First post in this community and looking for some help identifying info on a 65 Pontiac I’m inheriting.

After glancing at photos it’s an all red GTO based off emblems with a 4 speed but after looking into decoding the vin, I believe it’s a Tempest Lemans, but confused as to why it has GTO emblems on the exterior and interior

The vin is: 237375K138839

Where I found that it’s a 65 Tempest Lemans from Kansas City.

The main trouble I have is decoding the engine bay tag that’s on the firewall.

07A 7691
ST 65 - 23727 KAN 5095 PAINT
TR 216 - R-R BODY
W 2LGP 5N

I don’t have any info on the motor for now. Any info or help anyone could give would be greatly appreciated. Thanks!


----------



## Old Man Taylor (May 9, 2011)

In 65 the model was a LeMans. The GTO was an option on top of the LeMans. The best way to get its provenance is to send for the info on your car to Pontiac Historical Services.


----------



## Lake93 (Feb 6, 2021)

Thank you for the recommendation, I’ll have to give that a shot!

Heres a few photos of the tags I mentioned, in case anyone can tell based off the photos.


----------



## Old Man Taylor (May 9, 2011)

That car was made in Kansas. Kansas used 5N on the data plate for a GTO. Yours has 5N on the data plate, so it looks like it is a real GTO. But I would still get the info from PHS.


----------



## 65GTO1of1 (Jan 25, 2021)

That's a 1965 GTO made in Kansas City. But definitely get the PHS docs - it proves it to everyone else.


----------



## Lake93 (Feb 6, 2021)

Thanks guys for the help, I just received the PHS docs and it is indeed a real GTO.
It has the original 389, and has a 4 speed but unsure if it’s the original yet.

I’m having a hard time finding similar “barnfind”, very original GTO’s for sale or that have sold, most are fully restored, it’s all there with hardly any rust besides a bit in the trunk. I’ll most likely be selling it to fund another project I’m doing.

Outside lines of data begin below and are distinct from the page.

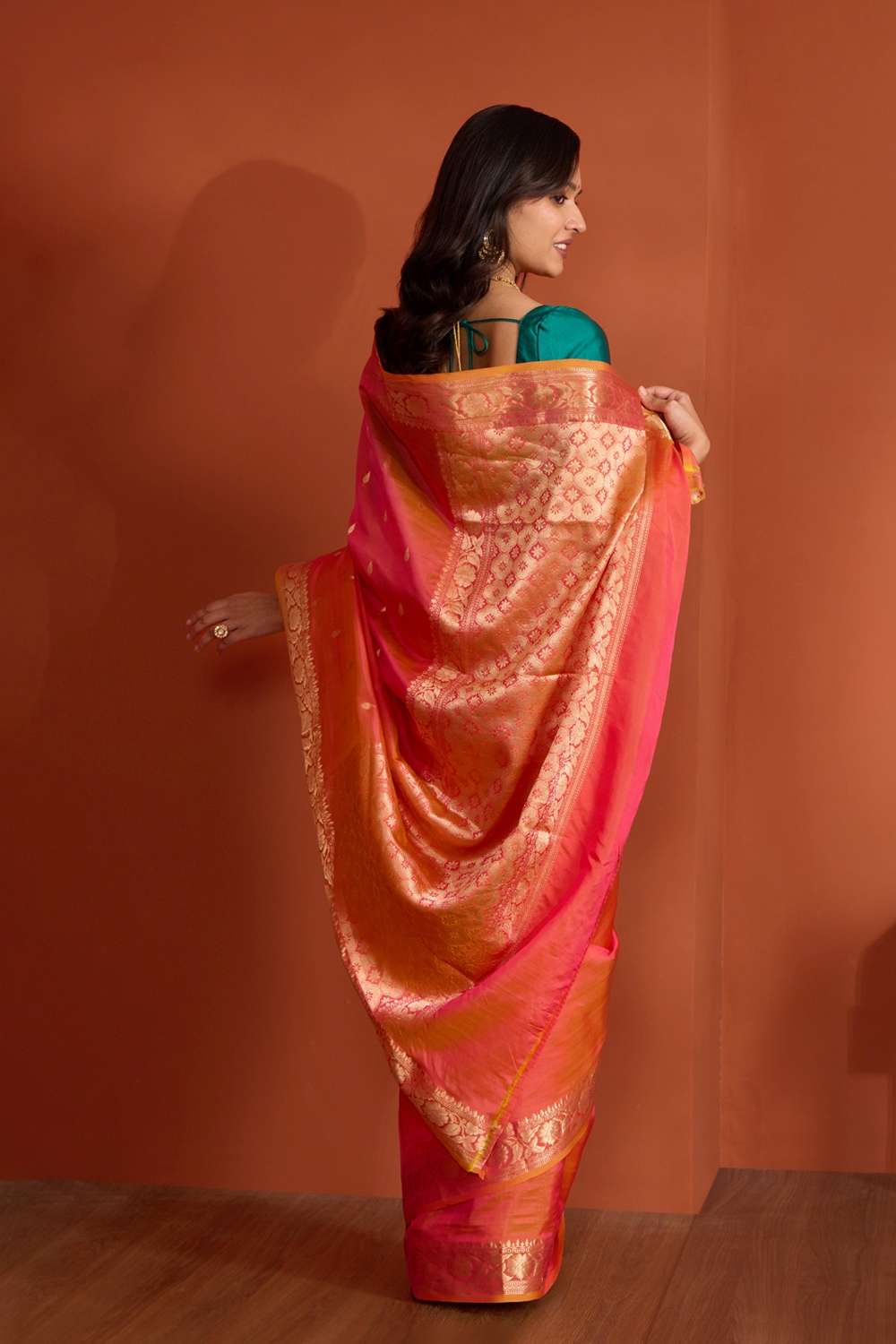 Pink Silk Viscose Banaras Cutwork Saree image number null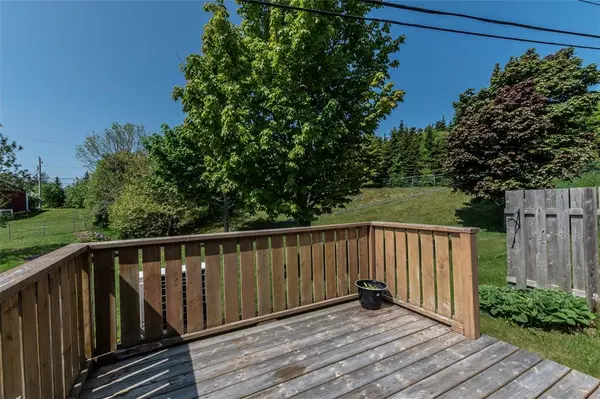 6 Key West Court, St. John's, NL A1E 5Z7
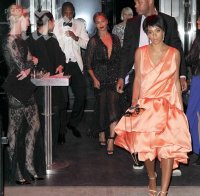 Соланж Ноус атакува с юмруци Джей-Зи пред погледа на Бийонсе (Видео)
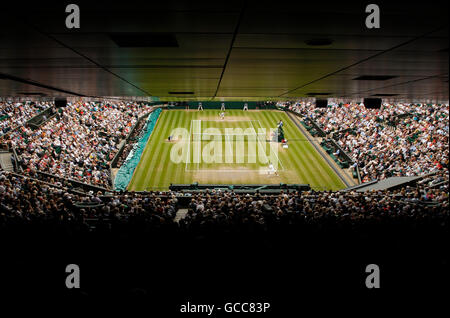 08.07.2016. all England Lawn-Tennis and Croquet Club, London, England. Wimbledon Tennis Championships Tag 12. Herren Einzel Halbfinale zwischen Nummer 3 Samen Roger Federer (SUI) und Nummer 6 Samen, Milos Raonic (CAN). Eine Gesamtansicht der Centre Court im All England Club, Wimbledon während der ersten Herren Halbfinale. Stockfoto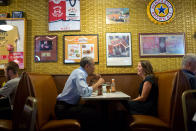 <p>26. Juni 2014: Präsident Obama isst mit Rebekah Erler in Minneapolis zu Mittag. Ehrler, damals 36, eine arbeitende Mutter von zwei Vorschulkindern, hatte dem Präsidenten einen Brief über ihre wirtschaftlichen Schwierigkeiten geschrieben. </p>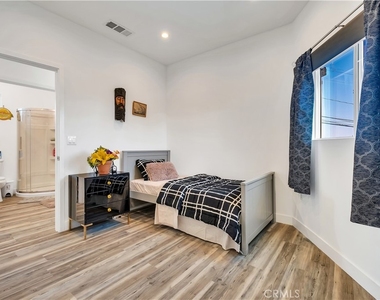 8326 Byrd Avenue - Photo Thumbnail 5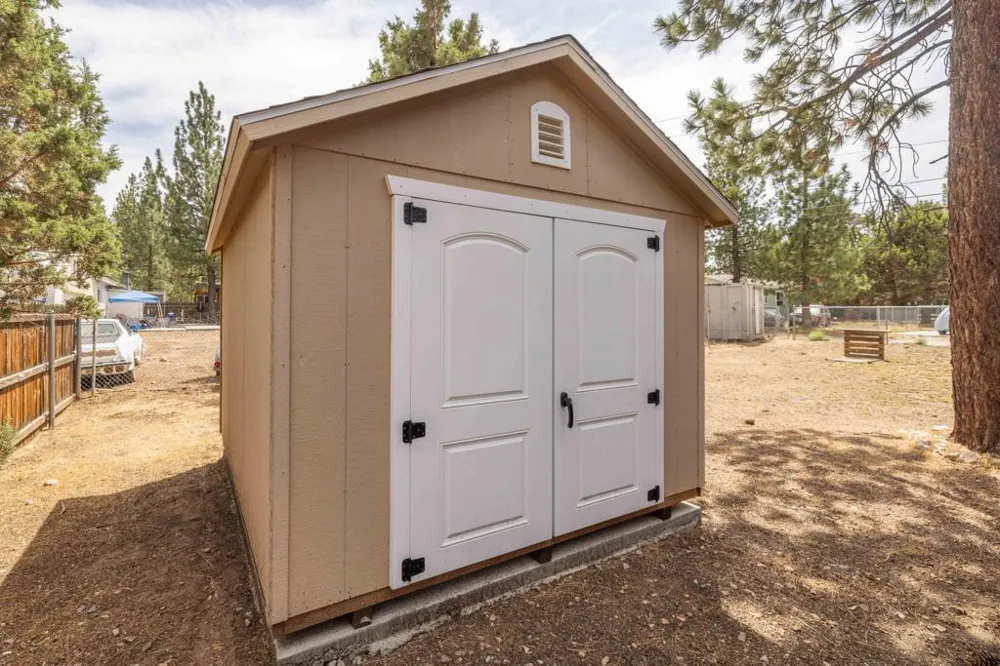 908 Spruce Lane Big Bear, CA 92314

Anyone have an idea what the value of it could be?


----------



## redhotgto66 (Sep 11, 2021)

Lake93 said:


> Thanks guys for the help, I just received the PHS docs and it is indeed a real GTO.
> It has the original 389, and has a 4 speed but unsure if it’s the original yet.
> 
> I’m having a hard time finding similar “barnfind”, very original GTO’s for sale or that have sold, most are fully restored, it’s all there with hardly any rust besides a bit in the trunk. I’ll most likely be selling it to fund another project I’m doing.
> ...


ever decide if you're selling it ?


----------



## Lake93 (Feb 6, 2021)

redhotgto66 said:


> ever decide if you're selling it ?


Never saw your reply… I just made a post asking what everyone thought maybe the value of it would be. But it is for sale. Make me an offer.


----------